About a month before their trip, the family had an experience that taught them the power of deep down attitudes. They went to the grocery store but could not find a parking spot anywhere close to the entrance. They had to park almost two blocks away from the store. As everyone got out of the car, Jane and the teenagers were irritated. Each of them complained about the long walk. Finally Tom suggested gently, “Look, it is hot and we have to walk a long way to the store. Let’s just say we’re practicing for Egypt!”

Jane couldn’t help herself from laughing. Sheepishly the teenagers joined in.
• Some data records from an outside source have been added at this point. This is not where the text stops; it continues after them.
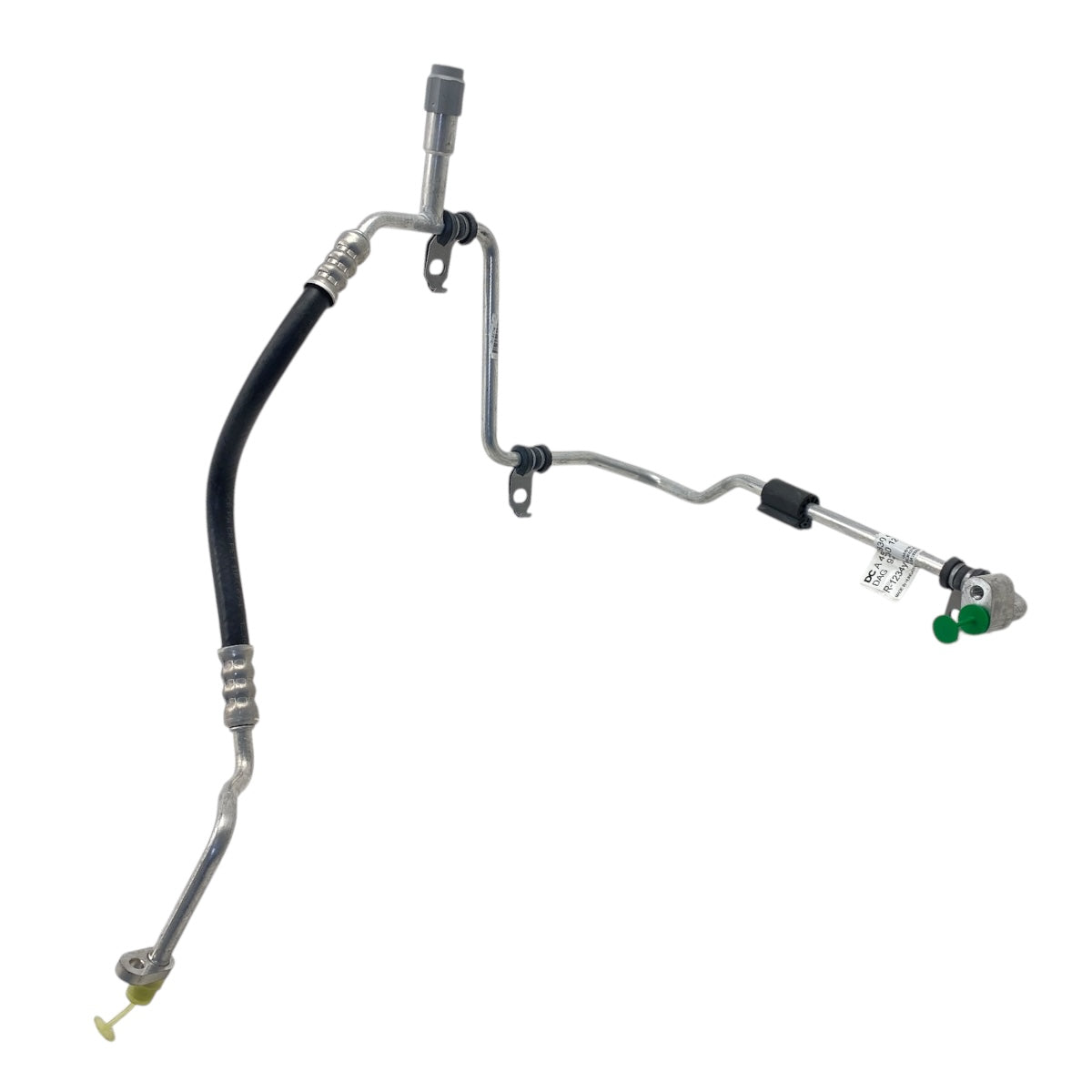Conduite climatisation neuf d'origine Renault Twingo III Smart 453 924401245R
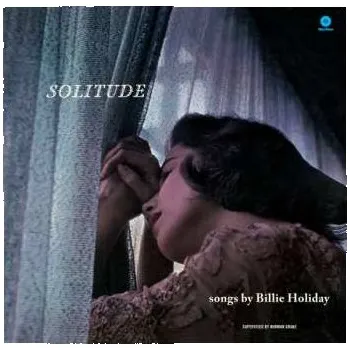 Zahraniční hudba LP Billie Holiday: Solitude LTD 2015 180g Remastered Bonus Tracks High Quality + 1 Bonustrack Vinyl Limited Edition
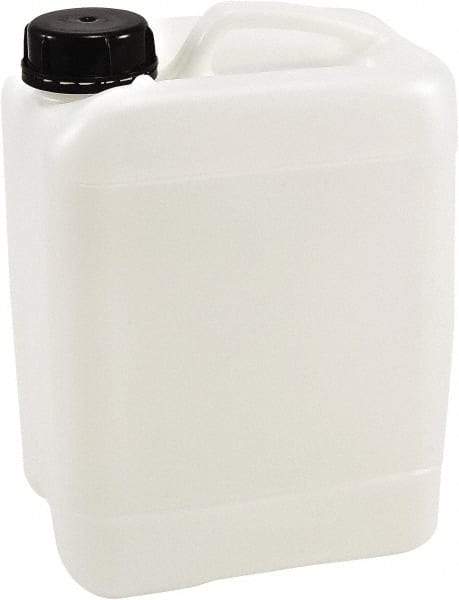 Dynalon Labware - 5 L Carboy - Polyethylene/Quoral, Translucent, 50mm Cap - USA Tool & Supply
They linked arms, smiled at one another happily, and walked the two blocks to the store. From then on “practicing for Egypt” became their positive phrase for reminding each other to accept problems, let go of anger, and step into their challenges with an attitude of joy.

It’s that joyful approach to life that the Spirit of God is working in your heart because you are connected to Jesus! What’s going on in your life right now that causes you to grumble? To worry? To feel down? How might that same situation look different to you if you embraced a “practicing for Egypt” kind of attitude? The key is looking first to Christ, not to our situation. For as we do, our situations, even the trying, troubling, and tiring ones look different when we see them in the joyous light of the Spirit’s presence in our lives. Rather than justification for feeling doubt and worry and bitterness, instead we are able to see our challenges, our troubles, our difficulties as opportunities to learn of God’s faithfulness to us, as opportunities to grow in living by faith in God and his unchanging love for us! So when life’s happenings have your feeling less than happy, from a heart of joyful faith go to your loving God and pray, “Dear Father, your forgiveness in Jesus guarantees that whatever happens in my life is something you promise to work out for my good. Help me to trust you so I choose to consider every trial as a treasured gift from you. Holy Spirit, keep me focused on my Savior and his greatest gift to me: the salvation of my soul, so that I always live with his joy down deep in my heart and have that joy always there to stay! Amen!